- Classification: Protestant
- Orientation: Reformed
- Theology: Reformed
- Governance: Policy Governance
- Region: United States
- Origin: 2021
- Congregations: 192
- Official website: arc21.org

= Alliance of Reformed Churches =

Christian denomination

The Alliance of Reformed Churches is a Reformed Christian denomination formed in 2021, currently with 192 churches. The Alliance operates under a policy governance model. Alliance churches describe their mission as pursuing innovative ways to engage a changing world with the Gospel while holding to Reformed theology.

==History==
In the 2010s, the Reformed Church in America (RCA) faced pressure to clarify its position on same-sex marriage and homosexuality. Specifically, there were disputes over what ramifications should exist over clergy conducting same sex weddings, which were being permitted by individual local classes [presbyteries] even while it was against a broader denominational doctrine and policy.

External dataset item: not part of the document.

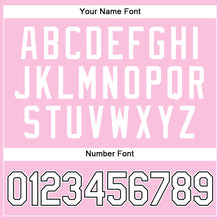 Load image into Gallery viewer, Custom Light Pink White-Black Authentic Throwback Basketball Jersey
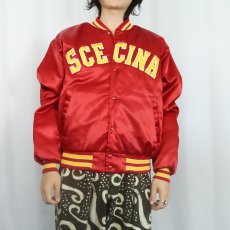 画像2: 80's Swingster USA製 ワッペン付き ナイロンスタジャン L (2)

In 2021, after failing to find an agreement amongst the RCA's diverse membership, there emerged a growing dissatisfaction from the more conservative members, who saw with the RCA's inability to deal with enforcement as implicit permission for churches to celebrate same-sex marriage when they form classes that support this conduct.

In response, 55 congregations seeking a new direction departed the RCA in 2021 and formed the Alliance of Reformed Churches. The Alliance was initially co-led by Dan Ackerman and Tim Vink, who helped guide the denomination through its founding period. Following their tenure, Greg Alderman became the Executive Director. Since its formation, the Alliance has seen steady growth, welcoming other churches who shares its commitment to being a Reformed Evangelical family of churches.

==Doctrine==
The Alliance affirms the Apostles' Creed, Athanasian Creed and Niceno-Constantinopolitan Creed. It considers the ordination of women as a matter for the individual church. However, the majority of local churches do not ordain female clergy.

It subscribes to the Heidelberg Catechism, the Belgic Confession, the Canons of Dort, and the Belhar Confession. It also subscribes to the Great Lakes Catechism on Marriage and Sexuality.

== Strategic Priorities ==
The Alliance identifies three strategic priorities: making disciples, equipping leaders, and multiplying ministries.